Below are records. Return each one exactly as written.

--- DATA FOR PROCESSING ---

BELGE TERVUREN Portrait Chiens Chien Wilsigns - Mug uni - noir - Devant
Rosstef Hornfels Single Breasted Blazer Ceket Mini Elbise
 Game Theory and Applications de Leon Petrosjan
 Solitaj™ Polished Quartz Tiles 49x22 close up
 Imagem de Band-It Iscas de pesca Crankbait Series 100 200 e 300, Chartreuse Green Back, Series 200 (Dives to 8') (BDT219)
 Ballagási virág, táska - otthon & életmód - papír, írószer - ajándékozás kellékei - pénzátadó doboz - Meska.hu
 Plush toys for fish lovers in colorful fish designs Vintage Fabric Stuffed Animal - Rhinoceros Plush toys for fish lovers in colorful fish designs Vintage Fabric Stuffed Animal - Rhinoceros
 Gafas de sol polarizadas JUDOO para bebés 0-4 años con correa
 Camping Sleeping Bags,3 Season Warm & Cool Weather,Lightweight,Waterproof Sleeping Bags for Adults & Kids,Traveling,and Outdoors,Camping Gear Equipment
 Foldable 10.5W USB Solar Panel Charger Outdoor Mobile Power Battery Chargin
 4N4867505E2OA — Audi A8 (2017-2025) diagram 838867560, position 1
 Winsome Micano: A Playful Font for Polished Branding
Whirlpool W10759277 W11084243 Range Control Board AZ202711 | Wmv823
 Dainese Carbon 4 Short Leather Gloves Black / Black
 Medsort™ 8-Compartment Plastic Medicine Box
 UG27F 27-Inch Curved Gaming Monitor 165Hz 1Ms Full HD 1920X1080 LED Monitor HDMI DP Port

---

## ANSWER TO THIS EXERCISE
BELGE TERVUREN Portrait Chiens Chien Wilsigns - Mug uni - noir - Devant
Rosstef Hornfels Single Breasted Blazer Ceket Mini Elbise
 Game Theory and Applications de Leon Petrosjan
 Solitaj™ Polished Quartz Tiles 49x22 close up
 Imagem de Band-It Iscas de pesca Crankbait Series 100 200 e 300, Chartreuse Green Back, Series 200 (Dives to 8') (BDT219)
 Ballagási virág, táska - otthon & életmód - papír, írószer - ajándékozás kellékei - pénzátadó doboz - Meska.hu
 Plush toys for fish lovers in colorful fish designs Vintage Fabric Stuffed Animal - Rhinoceros Plush toys for fish lovers in colorful fish designs Vintage Fabric Stuffed Animal - Rhinoceros
 Gafas de sol polarizadas JUDOO para bebés 0-4 años con correa
 Camping Sleeping Bags,3 Season Warm & Cool Weather,Lightweight,Waterproof Sleeping Bags for Adults & Kids,Traveling,and Outdoors,Camping Gear Equipment
 Foldable 10.5W USB Solar Panel Charger Outdoor Mobile Power Battery Chargin
 4N4867505E2OA — Audi A8 (2017-2025) diagram 838867560, position 1
 Winsome Micano: A Playful Font for Polished Branding
Whirlpool W10759277 W11084243 Range Control Board AZ202711 | Wmv823
 Dainese Carbon 4 Short Leather Gloves Black / Black
 Medsort™ 8-Compartment Plastic Medicine Box
 UG27F 27-Inch Curved Gaming Monitor 165Hz 1Ms Full HD 1920X1080 LED Monitor HDMI DP Port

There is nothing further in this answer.